The north of Scotland is famous for its large country homes – so many great buildings, hidden away in quiet corners, surrounded by acres of rolling woodland.
Mary Miers has brought together a collection of stunning images and informative text which tells the story of how, in the days long before inter-continental travel became an everyday way of life, incomers adopted the north of Scotland as their recreational paradise.
Rather than launching straight into a guide to the impressive homes, the author sets the scene by establishing the context and history that led to the creation of the buildings.

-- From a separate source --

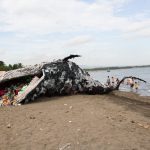На Филиппинах погиб кит: в его желудке нашли 40 кг пластиковых пакетов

Beginning with holes in walls and naked Highlanders sleeping in a clothes press, the change from the Highlands being regarded as a barbaric area into a playground for the wealthy is cleverly chartered.
Contemporary correspondence paints a clear picture as the tourist industry begins to grown, one noting in 1799 that ‘no traveller of taste can view this scene without delight and astonishment’.
The creation of these stately buildings was drawn from the desire to hunt, and became known as shooting lodges because they were designed principally to accommodate the parties of guests that flocked north for the annual sporting season. Author John Wilson commented that ‘To enjoy mist, you must be in the heart of it as a solitary hunter, shooter or angler.’
This era has left an astonishing legacy of architecture and decoration inspired by the romanticised image of the Highlands, with ghillies in kilts and a grouse in every thicket.
These houses range from picturesque cottages to baronial castles, while in the 21st century there are arts and crafts mansions, and modern eco-lodges.
The retreats featured are Dunrobin Castle, Torosay Castle, Ardverikie, Ardtornish, Kinloch Castle, Mar Lodge, Kinlochmoidart, Ardkinglas, Skibo Castle, Cour, Corrour Lodge and Shewglie House, and intersperse the history of the growth in the retreats.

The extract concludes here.